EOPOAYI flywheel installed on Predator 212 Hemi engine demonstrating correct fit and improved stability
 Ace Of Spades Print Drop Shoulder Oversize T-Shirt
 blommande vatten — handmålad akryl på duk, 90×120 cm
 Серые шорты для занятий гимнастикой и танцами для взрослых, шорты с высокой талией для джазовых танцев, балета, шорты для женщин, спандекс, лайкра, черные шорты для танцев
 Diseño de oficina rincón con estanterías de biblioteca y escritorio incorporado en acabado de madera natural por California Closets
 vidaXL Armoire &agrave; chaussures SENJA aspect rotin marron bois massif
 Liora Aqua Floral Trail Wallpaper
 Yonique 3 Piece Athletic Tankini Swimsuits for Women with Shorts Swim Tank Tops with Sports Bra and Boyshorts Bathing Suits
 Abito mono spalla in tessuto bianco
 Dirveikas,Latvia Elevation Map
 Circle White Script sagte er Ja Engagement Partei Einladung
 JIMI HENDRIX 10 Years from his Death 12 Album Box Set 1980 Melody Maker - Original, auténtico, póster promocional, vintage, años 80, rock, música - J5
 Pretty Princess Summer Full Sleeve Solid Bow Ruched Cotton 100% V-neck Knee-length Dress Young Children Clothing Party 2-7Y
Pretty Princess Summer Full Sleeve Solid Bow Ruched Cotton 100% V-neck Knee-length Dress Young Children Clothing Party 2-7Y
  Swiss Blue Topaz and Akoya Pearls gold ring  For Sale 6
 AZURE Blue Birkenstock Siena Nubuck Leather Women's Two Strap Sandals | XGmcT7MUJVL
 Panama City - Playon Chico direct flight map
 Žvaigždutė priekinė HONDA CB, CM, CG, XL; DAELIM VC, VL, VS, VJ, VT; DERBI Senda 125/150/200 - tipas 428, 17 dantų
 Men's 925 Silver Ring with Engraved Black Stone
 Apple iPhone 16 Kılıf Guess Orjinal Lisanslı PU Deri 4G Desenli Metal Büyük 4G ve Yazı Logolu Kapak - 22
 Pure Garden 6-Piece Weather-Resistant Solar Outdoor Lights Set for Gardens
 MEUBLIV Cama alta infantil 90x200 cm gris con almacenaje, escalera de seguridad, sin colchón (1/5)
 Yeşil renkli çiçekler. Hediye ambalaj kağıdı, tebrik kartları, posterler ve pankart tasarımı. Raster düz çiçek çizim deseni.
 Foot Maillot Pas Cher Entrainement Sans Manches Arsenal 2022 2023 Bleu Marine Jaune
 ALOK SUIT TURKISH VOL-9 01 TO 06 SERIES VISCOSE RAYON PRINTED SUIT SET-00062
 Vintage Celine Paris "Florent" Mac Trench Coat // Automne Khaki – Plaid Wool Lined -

====

== WHAT IS EXPECTED ==
Transcription of all the material must be exact.

== EXERCISE SOLUTION ==
EOPOAYI flywheel installed on Predator 212 Hemi engine demonstrating correct fit and improved stability
 Ace Of Spades Print Drop Shoulder Oversize T-Shirt
 blommande vatten — handmålad akryl på duk, 90×120 cm
 Серые шорты для занятий гимнастикой и танцами для взрослых, шорты с высокой талией для джазовых танцев, балета, шорты для женщин, спандекс, лайкра, черные шорты для танцев
 Diseño de oficina rincón con estanterías de biblioteca y escritorio incorporado en acabado de madera natural por California Closets
 vidaXL Armoire &agrave; chaussures SENJA aspect rotin marron bois massif
 Liora Aqua Floral Trail Wallpaper
 Yonique 3 Piece Athletic Tankini Swimsuits for Women with Shorts Swim Tank Tops with Sports Bra and Boyshorts Bathing Suits
 Abito mono spalla in tessuto bianco
 Dirveikas,Latvia Elevation Map
 Circle White Script sagte er Ja Engagement Partei Einladung
 JIMI HENDRIX 10 Years from his Death 12 Album Box Set 1980 Melody Maker - Original, auténtico, póster promocional, vintage, años 80, rock, música - J5
 Pretty Princess Summer Full Sleeve Solid Bow Ruched Cotton 100% V-neck Knee-length Dress Young Children Clothing Party 2-7Y
Pretty Princess Summer Full Sleeve Solid Bow Ruched Cotton 100% V-neck Knee-length Dress Young Children Clothing Party 2-7Y
  Swiss Blue Topaz and Akoya Pearls gold ring  For Sale 6
 AZURE Blue Birkenstock Siena Nubuck Leather Women's Two Strap Sandals | XGmcT7MUJVL
 Panama City - Playon Chico direct flight map
 Žvaigždutė priekinė HONDA CB, CM, CG, XL; DAELIM VC, VL, VS, VJ, VT; DERBI Senda 125/150/200 - tipas 428, 17 dantų
 Men's 925 Silver Ring with Engraved Black Stone
 Apple iPhone 16 Kılıf Guess Orjinal Lisanslı PU Deri 4G Desenli Metal Büyük 4G ve Yazı Logolu Kapak - 22
 Pure Garden 6-Piece Weather-Resistant Solar Outdoor Lights Set for Gardens
 MEUBLIV Cama alta infantil 90x200 cm gris con almacenaje, escalera de seguridad, sin colchón (1/5)
 Yeşil renkli çiçekler. Hediye ambalaj kağıdı, tebrik kartları, posterler ve pankart tasarımı. Raster düz çiçek çizim deseni.
 Foot Maillot Pas Cher Entrainement Sans Manches Arsenal 2022 2023 Bleu Marine Jaune
 ALOK SUIT TURKISH VOL-9 01 TO 06 SERIES VISCOSE RAYON PRINTED SUIT SET-00062
 Vintage Celine Paris "Florent" Mac Trench Coat // Automne Khaki – Plaid Wool Lined -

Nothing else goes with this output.